A better solution, in my opinion, is for all tools to be able to handle any combination of LF or CR characters as a proper line feed. (And the spec should spell this out.) This is not all that hard to do, and it makes life easier for your users. The amount of programming effort to code defensively is probably less than the effort just one of your users will go through if they have to work around this problem.

I don’t fully agree with this. In the nearly seven years since I released LDView 0.1, I’ve never once run into an LDraw file that LDView couldn’t handle due to line terminations, and it requires the newline character to be present at the end of each line. (The preceding carriage return is optional.) I’m not saying such files don’t exist, but if so, they’re exceedingly rare. Additionally, I suspect that they won’t work with any of the major LDraw editors (although they might work with Bricksmith).

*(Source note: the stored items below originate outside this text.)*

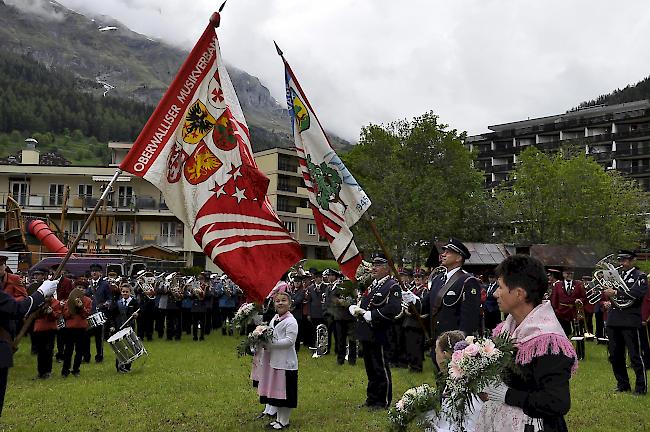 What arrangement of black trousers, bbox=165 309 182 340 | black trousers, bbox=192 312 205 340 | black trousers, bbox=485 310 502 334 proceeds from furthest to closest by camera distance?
black trousers, bbox=192 312 205 340, black trousers, bbox=165 309 182 340, black trousers, bbox=485 310 502 334

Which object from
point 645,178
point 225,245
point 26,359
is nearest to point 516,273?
point 225,245

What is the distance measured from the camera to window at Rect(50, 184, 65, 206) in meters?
56.9

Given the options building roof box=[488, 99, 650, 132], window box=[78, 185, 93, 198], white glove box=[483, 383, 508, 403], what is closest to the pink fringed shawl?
white glove box=[483, 383, 508, 403]

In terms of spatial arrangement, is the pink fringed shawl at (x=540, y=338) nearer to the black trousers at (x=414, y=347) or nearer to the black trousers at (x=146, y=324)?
the black trousers at (x=414, y=347)

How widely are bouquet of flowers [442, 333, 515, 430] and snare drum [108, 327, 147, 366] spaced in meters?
10.00

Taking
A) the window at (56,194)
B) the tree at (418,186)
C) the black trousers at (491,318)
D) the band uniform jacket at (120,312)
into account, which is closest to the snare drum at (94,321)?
the band uniform jacket at (120,312)

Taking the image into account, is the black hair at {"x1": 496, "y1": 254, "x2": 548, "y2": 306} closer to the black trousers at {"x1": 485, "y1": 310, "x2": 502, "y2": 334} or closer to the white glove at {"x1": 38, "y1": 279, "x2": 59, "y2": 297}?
the white glove at {"x1": 38, "y1": 279, "x2": 59, "y2": 297}

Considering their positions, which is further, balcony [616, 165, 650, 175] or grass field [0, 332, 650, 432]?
balcony [616, 165, 650, 175]

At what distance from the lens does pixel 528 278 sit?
396 cm

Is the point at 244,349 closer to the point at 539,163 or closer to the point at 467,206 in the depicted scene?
the point at 467,206

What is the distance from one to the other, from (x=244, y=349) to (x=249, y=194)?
7.60 feet

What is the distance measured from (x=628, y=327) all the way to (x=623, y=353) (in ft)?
1.75

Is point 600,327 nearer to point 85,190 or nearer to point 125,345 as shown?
point 125,345

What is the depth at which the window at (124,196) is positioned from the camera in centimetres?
5841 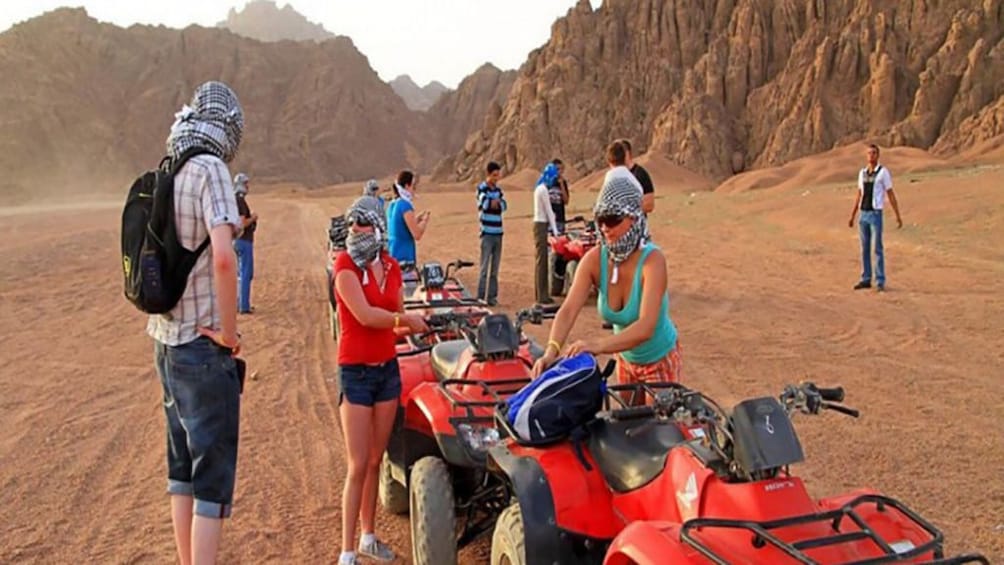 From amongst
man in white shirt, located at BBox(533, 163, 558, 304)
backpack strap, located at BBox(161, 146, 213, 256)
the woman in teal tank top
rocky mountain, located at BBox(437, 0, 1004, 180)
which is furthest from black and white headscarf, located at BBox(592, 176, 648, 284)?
rocky mountain, located at BBox(437, 0, 1004, 180)

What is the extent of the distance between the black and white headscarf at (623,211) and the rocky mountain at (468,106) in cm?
11264

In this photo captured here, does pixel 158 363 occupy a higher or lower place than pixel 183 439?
higher

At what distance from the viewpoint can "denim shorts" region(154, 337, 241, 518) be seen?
388 centimetres

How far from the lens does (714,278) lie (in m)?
15.1

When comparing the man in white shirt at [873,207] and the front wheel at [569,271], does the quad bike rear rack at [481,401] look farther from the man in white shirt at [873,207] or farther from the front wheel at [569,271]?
the man in white shirt at [873,207]

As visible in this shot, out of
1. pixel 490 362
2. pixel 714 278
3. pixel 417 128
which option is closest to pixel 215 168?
pixel 490 362

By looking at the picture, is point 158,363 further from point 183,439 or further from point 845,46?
point 845,46

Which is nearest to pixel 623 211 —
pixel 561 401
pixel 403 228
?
pixel 561 401

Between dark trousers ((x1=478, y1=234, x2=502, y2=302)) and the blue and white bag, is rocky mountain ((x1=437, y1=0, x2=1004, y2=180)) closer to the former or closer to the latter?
dark trousers ((x1=478, y1=234, x2=502, y2=302))

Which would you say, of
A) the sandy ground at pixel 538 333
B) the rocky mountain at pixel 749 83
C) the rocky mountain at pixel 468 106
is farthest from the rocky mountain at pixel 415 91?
the sandy ground at pixel 538 333

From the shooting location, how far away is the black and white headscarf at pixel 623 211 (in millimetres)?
4230

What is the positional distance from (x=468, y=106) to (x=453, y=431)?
11932 cm

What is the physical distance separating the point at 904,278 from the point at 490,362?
36.1 feet

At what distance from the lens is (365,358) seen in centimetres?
474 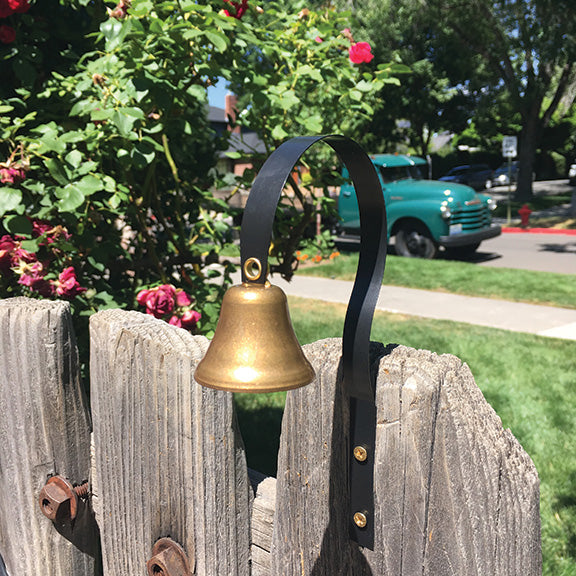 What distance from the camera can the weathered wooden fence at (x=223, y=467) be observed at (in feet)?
2.81

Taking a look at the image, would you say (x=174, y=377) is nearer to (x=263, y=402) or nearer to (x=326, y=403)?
(x=326, y=403)

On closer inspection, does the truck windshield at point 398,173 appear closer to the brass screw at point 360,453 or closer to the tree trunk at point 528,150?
the brass screw at point 360,453

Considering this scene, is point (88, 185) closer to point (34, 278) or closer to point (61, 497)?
point (34, 278)

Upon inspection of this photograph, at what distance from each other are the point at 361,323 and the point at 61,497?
0.92m

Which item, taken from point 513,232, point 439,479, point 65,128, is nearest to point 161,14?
point 65,128

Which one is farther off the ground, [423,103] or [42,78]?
[423,103]

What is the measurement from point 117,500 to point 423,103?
32387mm

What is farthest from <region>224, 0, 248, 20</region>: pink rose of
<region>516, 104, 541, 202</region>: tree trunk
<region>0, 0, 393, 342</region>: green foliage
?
<region>516, 104, 541, 202</region>: tree trunk

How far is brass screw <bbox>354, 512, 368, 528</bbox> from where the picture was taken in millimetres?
938

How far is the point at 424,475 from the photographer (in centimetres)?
88

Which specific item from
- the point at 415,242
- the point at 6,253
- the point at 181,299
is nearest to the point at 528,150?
the point at 415,242

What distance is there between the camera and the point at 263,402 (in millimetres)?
4289

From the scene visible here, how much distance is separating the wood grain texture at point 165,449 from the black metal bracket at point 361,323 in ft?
0.98

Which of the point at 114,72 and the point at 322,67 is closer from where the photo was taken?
the point at 114,72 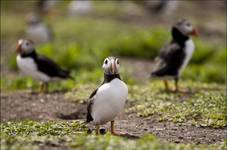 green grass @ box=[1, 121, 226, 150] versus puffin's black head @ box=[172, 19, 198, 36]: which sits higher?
puffin's black head @ box=[172, 19, 198, 36]

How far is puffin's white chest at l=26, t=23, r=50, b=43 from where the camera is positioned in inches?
809

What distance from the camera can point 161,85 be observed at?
12.7 meters

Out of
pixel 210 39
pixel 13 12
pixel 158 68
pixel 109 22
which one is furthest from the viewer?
pixel 13 12

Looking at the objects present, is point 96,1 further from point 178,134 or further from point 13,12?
point 178,134

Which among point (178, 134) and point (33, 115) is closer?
point (178, 134)

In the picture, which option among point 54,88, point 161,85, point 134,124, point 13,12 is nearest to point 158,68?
point 161,85

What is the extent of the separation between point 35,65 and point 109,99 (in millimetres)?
4928

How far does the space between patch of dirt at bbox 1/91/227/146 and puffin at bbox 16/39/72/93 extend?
420 millimetres

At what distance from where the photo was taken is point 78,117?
1041 centimetres

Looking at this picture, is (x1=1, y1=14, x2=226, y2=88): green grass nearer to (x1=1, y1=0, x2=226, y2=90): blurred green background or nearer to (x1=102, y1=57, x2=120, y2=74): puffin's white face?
(x1=1, y1=0, x2=226, y2=90): blurred green background

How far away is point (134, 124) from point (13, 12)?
18.7 meters

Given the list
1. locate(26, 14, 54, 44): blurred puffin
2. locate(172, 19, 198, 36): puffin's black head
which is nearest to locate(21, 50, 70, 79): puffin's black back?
locate(172, 19, 198, 36): puffin's black head

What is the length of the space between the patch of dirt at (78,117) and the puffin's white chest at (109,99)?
363 millimetres

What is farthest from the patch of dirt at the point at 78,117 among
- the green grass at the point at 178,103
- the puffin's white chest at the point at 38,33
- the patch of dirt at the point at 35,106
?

I’ve been writing text parsing programs for over 20 years, and have found that the approach I’ve suggested works very well at detecting line ends in a consistent manner. Counting lines in a file by this method agrees with every compiler and editor that I’ve used, where other methods do not. I have seen files that are terminated with CR, with LF, with CR+LF, and with LF+CR.

It is very easy for a programmer (regardless of the OS they are using) to create programs that do not use “proper” line breaks. If you doubt it, answer this quiz without using any reference materials:
1.  Which of the following is "correct"?
    a.  printf("Hello, world!\r");
    b.  printf("Hello, world!\n");
    c.  printf("Hello, world!\r\n");
    d.  printf("Hello, world!\n\r");

2.  In each of the above cases, what byte sequence will appear in the output stream?
In truth, there is no absolute answer for either question. Depending on the library implementation and the OS, you may get different results.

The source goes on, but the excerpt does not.